Social housing maintenance workers have staged a demonstration outside Manchester Town Hall today, 15 May.
Members of union Unite began their protest at 12pm and called on the council to resolve a dispute between private contractor Mears and joint venture company Manchester Working.
Workers are taking industrial action in a dispute over their pay and conditions, which has seen some workers being paid different rates for the same amount of work. According to Unite, some pay differentials are as high as £3,500, while employees are also angry by Mears' attempts to introduce a new contract requiring staff to have greater flexibility in shift working, work longer hours, weekend working and further use technology without any real increase in pay.
In addition, attempts by Mears to introduce a 'productivity procedure' has been labelled as 'sackers charter' and the company has been pressurising workers to accept poorer conditions regarding sick pay and vehicle policies.
Unite said tensions in the dispute have been escalated after it was discovered younger workers have received intimidatory individual communications from management to break the strike.
The striking workforce have also slammed Manchester City Council for failing to step in and solve the situation.
Unite regional co-ordinating officer, Andy Fisher, said: "The workforce believe that at any stage Manchester council could have stepped in and ended this dispute.
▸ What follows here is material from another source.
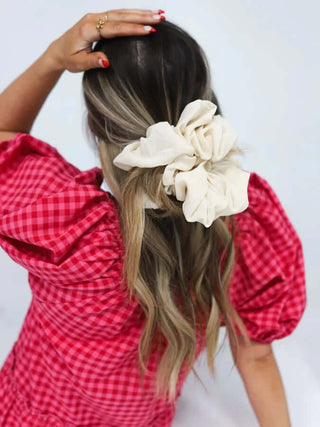 Elegant KAXI oversized scrunchie in luxurious satin finish, perfect for adding a stylish touch to any hairstyle.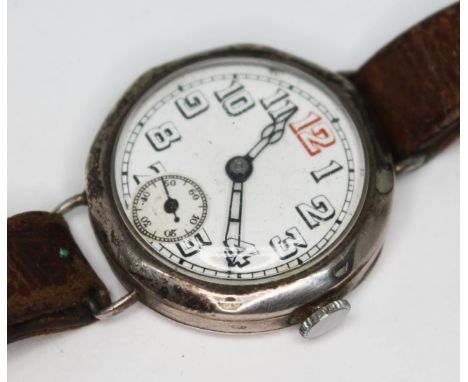 A 1930s silver cased trench style manual wind wristwatch with unsigned white dial, Arabic numerals and seconds subsidiary dia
Instead it has washed its hands of the problem.
"Rather than trying to resolve the dispute management have instead sought to intimidate members and in a deeply sinister move they are targeting younger workers.
"If there is no reasonable 11th hour offer put forward by the companies involved then tenants are going to quickly experience substantial delays in urgent repairs and planned maintenance work."
Following the initial strike today, a rolling programme of strike action will take place on Monday, Thursday and Friday of each week.